## ACTIVITY
Would you retype the listing word for word, skipping its pictures?
**** DATA SHOWN ****
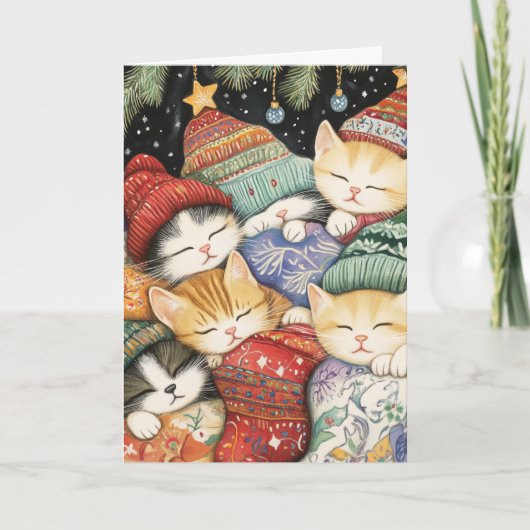 Cuddly Christmas Kittens Under the Tree Card Feestdagen Kaart (Voorkant)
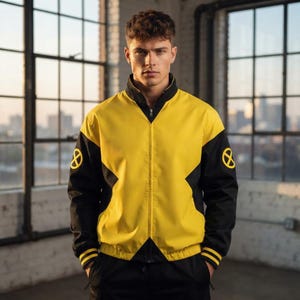 Peut inclure: Une veste zippée jaune et noire dotée d'un col montant, de manches longues avec poignets côtelés et d'un emblème circulaire jaune X-Men sur chaque manche. La veste présente une fermeture éclair centrale et un design bicolore avec des panneaux latéraux noirs.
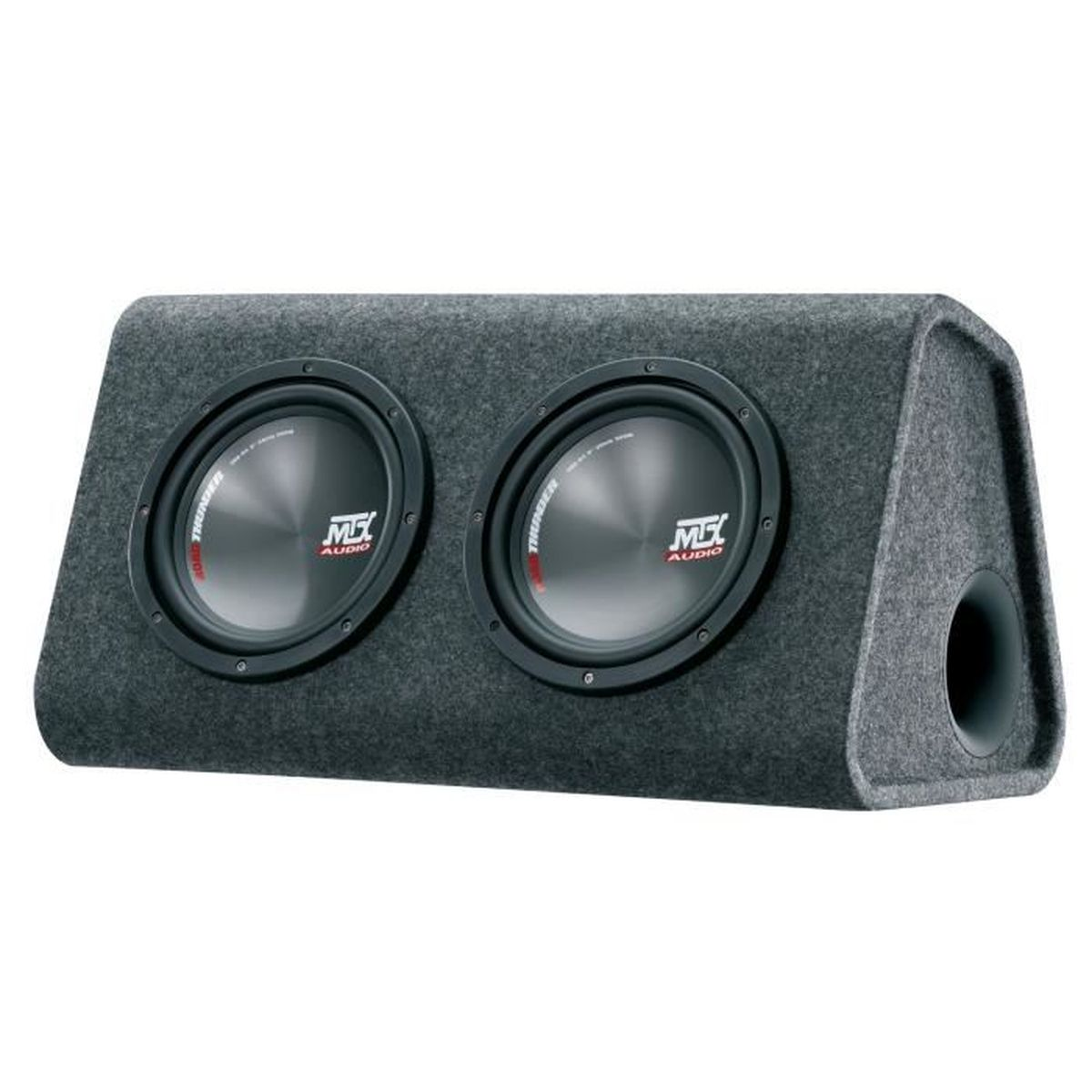 Graue Subwoofer-Box mit zwei Lautsprechern. Jeder Lautsprecher hat einen schwarzen Rand und eine silberne Mitte mit dem Logo "MTX Audio". Ein Anschluss ist sichtbar.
****
## WORKED SOLUTION
 Cuddly Christmas Kittens Under the Tree Card Feestdagen Kaart (Voorkant)
 Peut inclure: Une veste zippée jaune et noire dotée d'un col montant, de manches longues avec poignets côtelés et d'un emblème circulaire jaune X-Men sur chaque manche. La veste présente une fermeture éclair centrale et un design bicolore avec des panneaux latéraux noirs.
 Graue Subwoofer-Box mit zwei Lautsprechern. Jeder Lautsprecher hat einen schwarzen Rand und eine silberne Mitte mit dem Logo "MTX Audio". Ein Anschluss ist sichtbar.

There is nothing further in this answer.